Exercise directions: Go to the line with "中国股票配资网平台官网 奇瑞" in the material below and copy from there through the line with "Czym jest tłumaczenie", exactly. Pictures are not copied.

Dataset excerpts:
+ + + + + + +

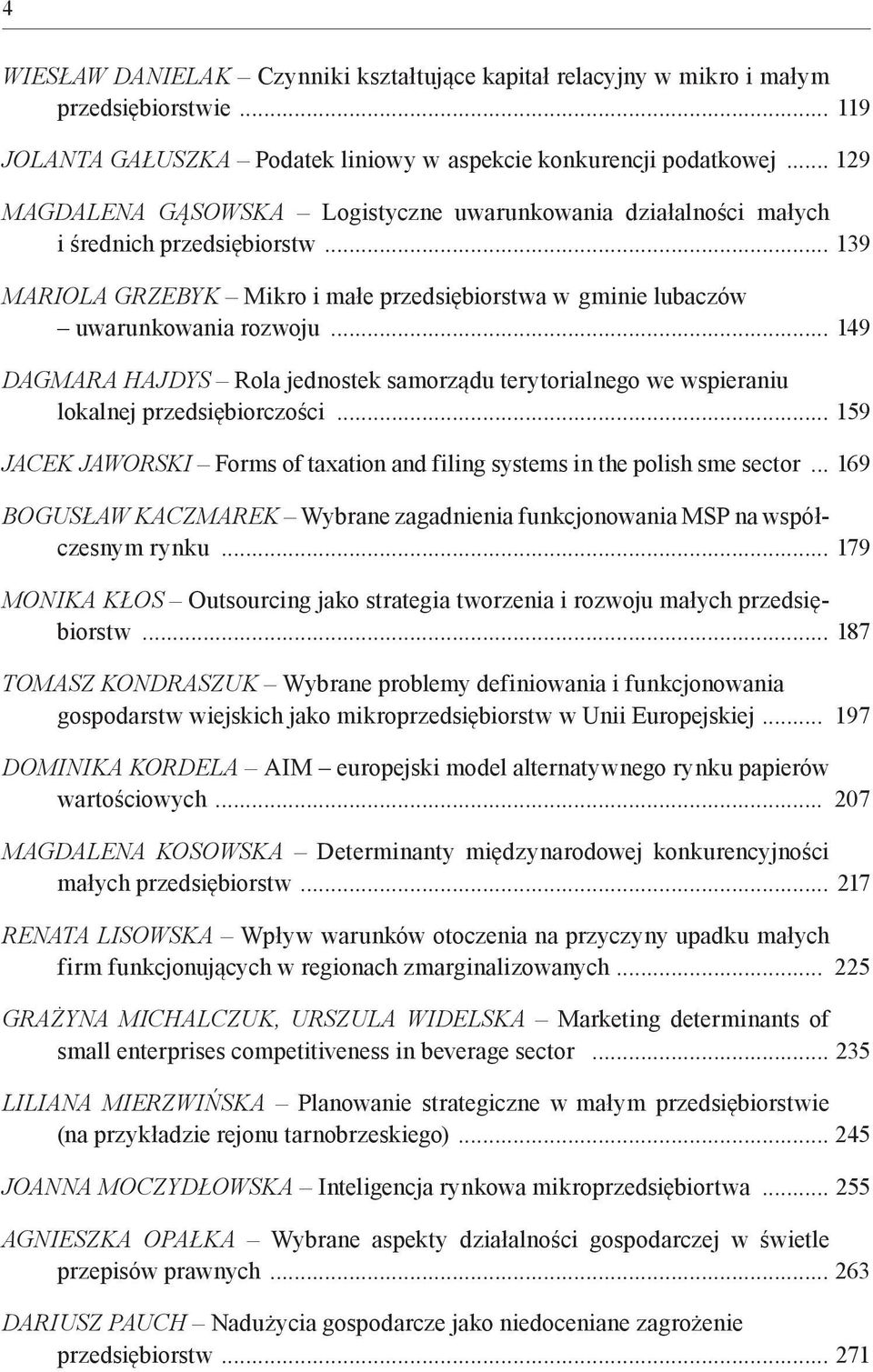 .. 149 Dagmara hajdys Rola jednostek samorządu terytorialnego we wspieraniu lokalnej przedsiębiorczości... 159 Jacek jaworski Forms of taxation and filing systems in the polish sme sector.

+ + + + + + +

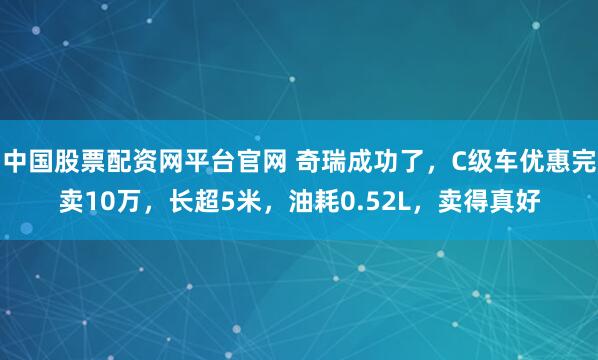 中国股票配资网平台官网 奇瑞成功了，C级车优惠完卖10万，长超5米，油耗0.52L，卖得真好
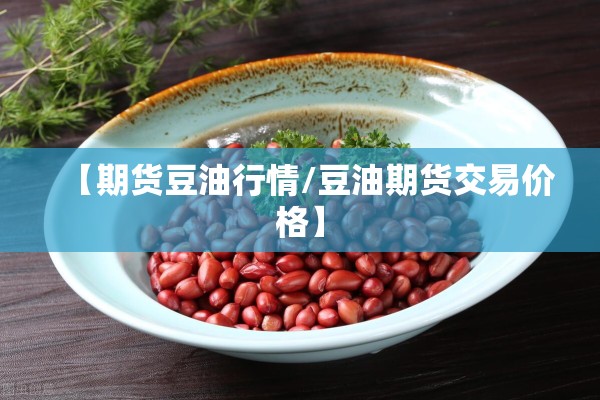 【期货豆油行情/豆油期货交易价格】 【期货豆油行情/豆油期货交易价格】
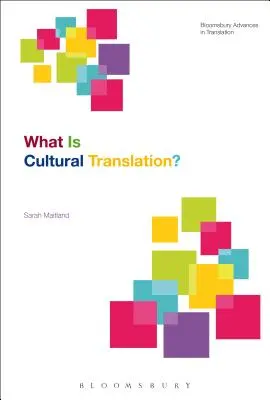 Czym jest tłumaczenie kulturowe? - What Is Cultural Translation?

+ + + + + + +

Task response:
 中国股票配资网平台官网 奇瑞成功了，C级车优惠完卖10万，长超5米，油耗0.52L，卖得真好
 【期货豆油行情/豆油期货交易价格】 【期货豆油行情/豆油期货交易价格】
 Czym jest tłumaczenie kulturowe? - What Is Cultural Translation?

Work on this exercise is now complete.